Crawled caption data:
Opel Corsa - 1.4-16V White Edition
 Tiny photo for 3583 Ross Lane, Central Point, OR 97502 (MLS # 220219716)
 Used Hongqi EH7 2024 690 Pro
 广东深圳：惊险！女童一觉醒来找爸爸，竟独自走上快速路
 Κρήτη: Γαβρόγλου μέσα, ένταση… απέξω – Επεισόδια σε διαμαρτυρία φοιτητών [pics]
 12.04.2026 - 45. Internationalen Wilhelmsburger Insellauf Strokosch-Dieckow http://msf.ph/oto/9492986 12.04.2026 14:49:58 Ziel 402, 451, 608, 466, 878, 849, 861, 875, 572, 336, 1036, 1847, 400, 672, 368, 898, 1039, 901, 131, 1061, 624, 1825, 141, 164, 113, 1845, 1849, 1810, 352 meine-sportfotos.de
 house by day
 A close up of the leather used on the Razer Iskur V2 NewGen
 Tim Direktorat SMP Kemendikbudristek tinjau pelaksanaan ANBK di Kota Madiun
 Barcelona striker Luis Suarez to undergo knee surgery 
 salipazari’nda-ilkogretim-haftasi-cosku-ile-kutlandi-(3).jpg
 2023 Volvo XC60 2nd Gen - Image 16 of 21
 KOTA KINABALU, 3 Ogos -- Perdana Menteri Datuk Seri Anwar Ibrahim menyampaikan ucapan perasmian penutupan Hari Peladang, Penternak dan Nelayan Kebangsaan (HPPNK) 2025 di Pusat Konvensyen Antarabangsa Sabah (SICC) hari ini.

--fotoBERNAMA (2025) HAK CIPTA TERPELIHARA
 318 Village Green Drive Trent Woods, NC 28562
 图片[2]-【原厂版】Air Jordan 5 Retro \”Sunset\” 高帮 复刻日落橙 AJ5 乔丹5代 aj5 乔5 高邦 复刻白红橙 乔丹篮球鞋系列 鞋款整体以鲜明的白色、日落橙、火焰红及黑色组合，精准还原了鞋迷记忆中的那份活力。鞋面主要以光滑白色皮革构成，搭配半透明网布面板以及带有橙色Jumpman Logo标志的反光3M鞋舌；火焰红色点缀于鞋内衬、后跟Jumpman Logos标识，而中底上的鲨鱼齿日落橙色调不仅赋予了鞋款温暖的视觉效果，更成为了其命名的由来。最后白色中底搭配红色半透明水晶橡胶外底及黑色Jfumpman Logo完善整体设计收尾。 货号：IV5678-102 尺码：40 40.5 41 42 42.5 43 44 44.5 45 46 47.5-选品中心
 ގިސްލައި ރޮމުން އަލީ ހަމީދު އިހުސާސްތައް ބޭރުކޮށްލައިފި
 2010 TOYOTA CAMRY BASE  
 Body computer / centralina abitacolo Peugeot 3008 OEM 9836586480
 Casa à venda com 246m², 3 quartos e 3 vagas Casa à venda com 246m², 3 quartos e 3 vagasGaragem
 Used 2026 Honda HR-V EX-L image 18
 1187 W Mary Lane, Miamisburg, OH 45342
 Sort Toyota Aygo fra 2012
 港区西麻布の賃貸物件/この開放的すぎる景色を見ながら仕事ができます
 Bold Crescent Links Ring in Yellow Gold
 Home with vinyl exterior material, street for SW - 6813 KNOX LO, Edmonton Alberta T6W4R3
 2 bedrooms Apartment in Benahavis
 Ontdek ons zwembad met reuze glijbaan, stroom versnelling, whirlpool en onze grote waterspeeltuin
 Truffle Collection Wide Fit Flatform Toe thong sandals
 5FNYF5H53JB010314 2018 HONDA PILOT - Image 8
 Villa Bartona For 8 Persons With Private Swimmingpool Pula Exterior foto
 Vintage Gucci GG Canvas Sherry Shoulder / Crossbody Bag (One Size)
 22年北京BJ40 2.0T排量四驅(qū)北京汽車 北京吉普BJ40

WHAT YOU NEED TO DO: Whenever a line of the records holds the string "Lane", pick it out and copy it.

ANSWER AREA:
 Tiny photo for 3583 Ross Lane, Central Point, OR 97502 (MLS # 220219716)
 1187 W Mary Lane, Miamisburg, OH 45342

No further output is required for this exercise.